Avaaz said the pages had about 2.5 million followers, and more than a dozen of the pages supported rightwing and populist parties.

“This is more proof that lies designed to sow hate and division in our societies are being spread deliberately on social media ahead of the EU elections,” Avaaz campaign director Christoph Schott said.

Facebook is stepping up efforts to combat fake news and hate speech around EU elections scheduled for May 23-26, in which voters in the bloc’s 28 nations will be able to cast ballots for hundreds of candidates.

The company has come under increasing pressure since 2016, when Russia’s use of social media to meddle with the U.S. presidential elections came into focus.
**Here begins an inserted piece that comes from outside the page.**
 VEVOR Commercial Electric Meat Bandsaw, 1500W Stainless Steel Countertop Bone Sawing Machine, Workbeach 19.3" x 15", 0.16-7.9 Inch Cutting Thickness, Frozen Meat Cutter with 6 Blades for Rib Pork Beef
CEO Mark Zuckerberg initially downplayed Facebook’s role in Russia’s influence operation, but the company later apologized.

The Silicon Valley company has set up an EU election operations center in Dublin staffed with engineers, data scientists and researchers to monitor for abuse related to the vote.

Experts say other groups are copying from Russia’s disinformation playbook.

“One thing to look out for in Europe will be domestic actors doing what the Russians had already been doing,” said Ben Nimmo, a researcher at the Atlantic Council. “Everyone’s seen what the Russians did. It’s not going to be any stretch of imagination to say, ‘If the Russians did it, why can’t I?”